Против воли они захохотали. Это нервное. Бывает. Им было вовсе не смешно, но если на такой работе каждый раз плакать, как только подворачивается должный повод, то, пожалуй, обезвоживание организма наступит.
— Лена! Лена Ничейная!!! Как себя чувствуешь?! — Голос анестезиолога подействовал на Женьку успокаивающе.
— Н-н-нормально!
— Вот и славно. И я нормально. А кому сейчас хорошо? Мне вот тоже всего лишь нормально. И то слава Аллаху! Жить будешь. Дядя Саша тебе потом чаю с вареньем сделает. Просто так. Ни за что. За большое человеческое спасибо.
— Сань, кстати, спасибо. Но тут, как ты понимаешь, только «спасибо». Кстати, ты на «верхнюю» операцию идешь?
— Женька, ты дура, да? — добродушно сказал Сан Саныч. — Ага, я.
— Как там с баблом?
— Там всё ОК. Муж нежен, трепетен и напуган. Финансовый анамнез отягощен. Второй брак, любимая женщина. Второе кесарево. Готов на всё, лишь бы она жива и ей не больно. Ему, по ходу, даже на ребёнка насрать. Там взрослая девица от первого брака, называет его «папой», и они оба жмутся друг к другу, как испуганные дети, несмотря на его чёрный джип и её вполне зрелые сиськи.
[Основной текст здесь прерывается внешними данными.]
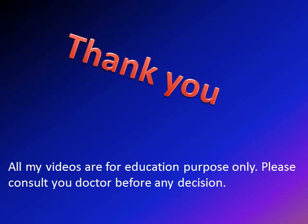Thank you very much. All my videos are for educational purposes only. Please consult your doctor before any decision. Thank you.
— Ну, ты циник. Я к мужику выходить не буду. Виталик — хирург, ты — анестезиолог. Я лишь ассистент.
— От циника слышу, товарищ ассистент. Пойдём покурим.
— Пойдём.
«Как пронзительно похожа эта почти сорокалетняя женщина на девочку, несмотря на морщинки и яйцевидный живот. Узкий таз. И как разительно она отлична от той, пятнадцатилетней, что лежит сейчас на пятнистом от множества и множества женщин матрасе обсервационного отделения. У Бога определённо есть чувство юмора. Вернее — сарказма. Пронзительного, временами недоброго сарказма. У него есть любимчики, как и у любого многодетного папочки», — Женька листала историю родов.
— Виталий Анатольевич сказал, что вы будете ассистировать, да? — спросила Женьку слегка озябшая от страха счастливая жена. То, что она счастливая, любимая и любящая, было сразу ясно. Вокруг неё был ореол любви тех, кто ждал сейчас под роддомом, и её любви к ним. Той самой любви, что материальна и эфемерна одновременно. Той, что пронзает пространство и время. Той, что способна пронизать всё и окутать всех. И замаскироваться от того, кто не любим и не любит, под запах спиртового раствора хлоргексидина или сизый дымок сигареты. Той, что будет всегда ускользающим дежавю для тех, кто хочет любить и быть любимым, но уже не верит. Почти не верит.